It’s one of many moments where Kidman, as Greer, allows herself to be unlikable, which is something the Oscar-winning actress rarely does. In her recent TV roles, Kidman has been tormented, aggrieved, angry, sure — but just plain mean? Never. It’s a hoot to watch her embrace Greer’s underlying nastiness, which naturally stems from a Deep Dark Secret not even her family knows. Fanning has a ball as the snooty and condescending Abby, who cloaks all her insults with a sing-song lilt and a sunny smile. Reynor brings the tragicomic relief as Benji’s bullying, insecure brother Tom, and Champlin strikes just the right tone of unflappable bemusement as Detective Henry.

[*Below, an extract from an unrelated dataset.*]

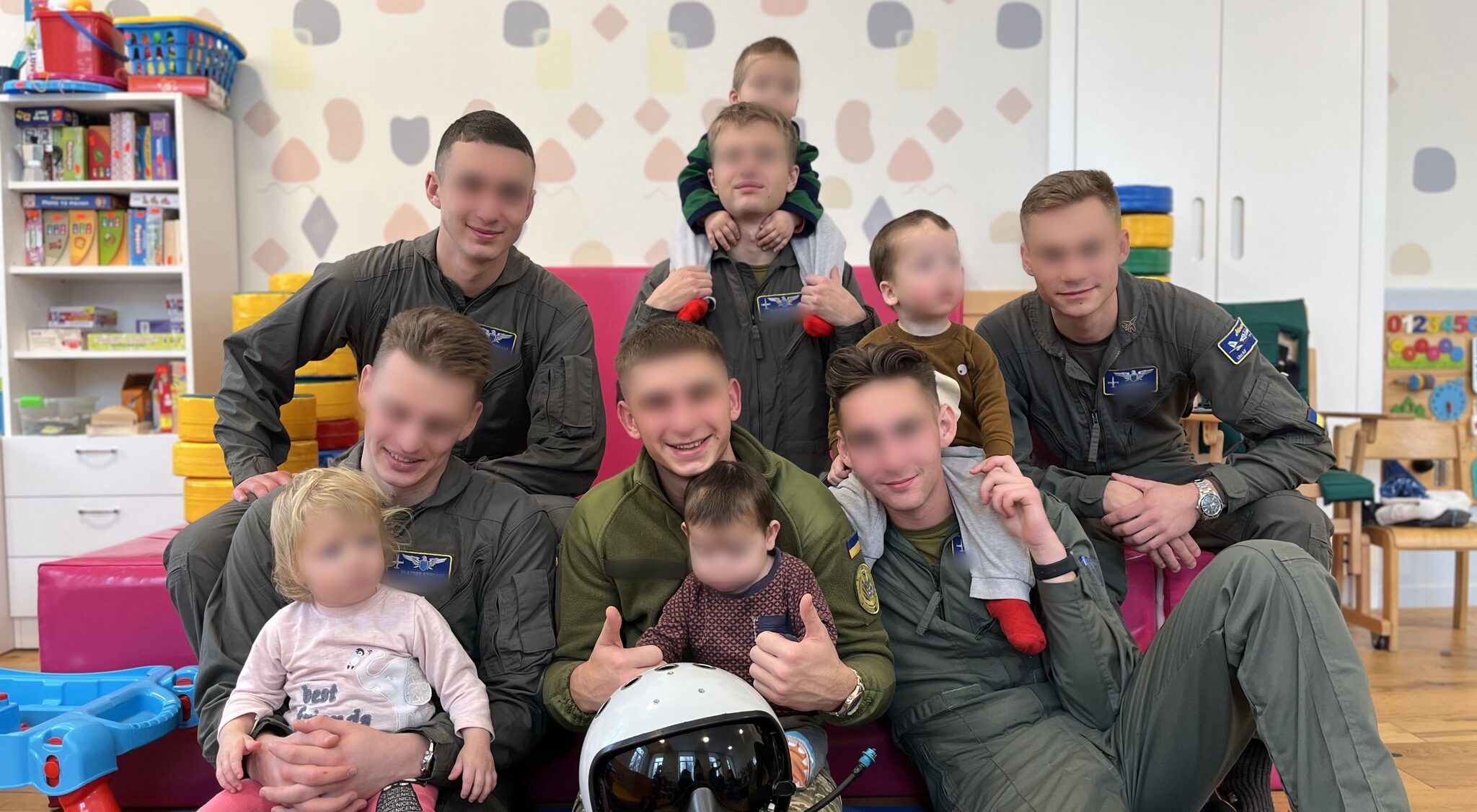 Майбутні військові пілоти, у перервах між навчанням, опікуються дітьми, які через війну втратили батьків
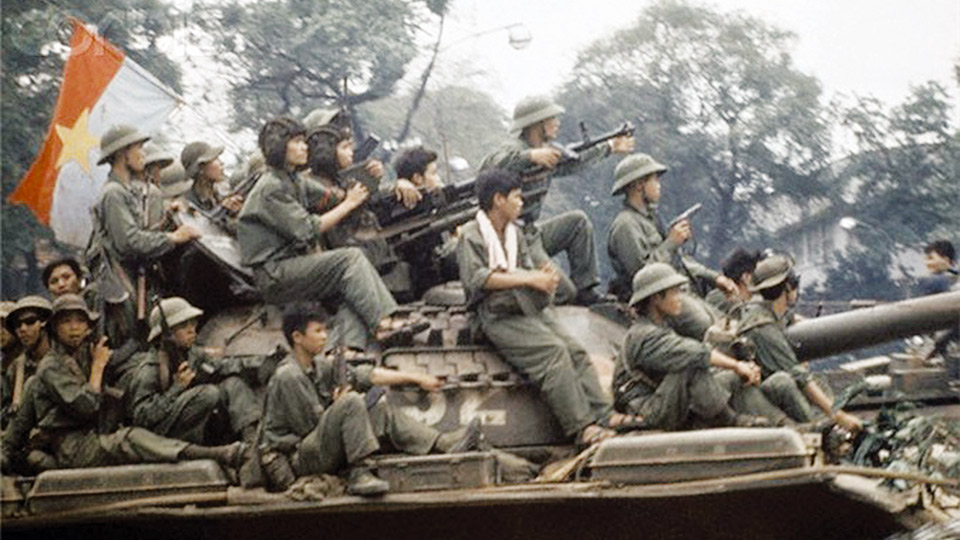 Xe tăng T-54 là một trong những “mũi tên thép” chủ lực của quân giải phóng đã đập tan mọi tuyến phòng ngự của Quân đội Sài Gòn.  Ảnh: Tư liệu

Alas, there isn’t much to Tag Winbury, whose chief personality traits are smoking a lot of weed and a tendency to sing pop songs at inappropriate times. Hewson and Bowle are appealing actors, but their characters are similarly underwritten and suffer from a noticeable lack of chemistry. We’re never really clear why Amelia — who ostensibly has no designs on Benji’s money — wants to marry him in the first place. But in the end, perhaps Greer Winbury is right and it really doesn’t matter. Benji, Amelia, Tag — all of them are just a catalyst for the real entertainment: Watching the rich eat their own. Grade: B
All six episodes of The Perfect Couple premiere Thursday, Sept. 5, on Netflix.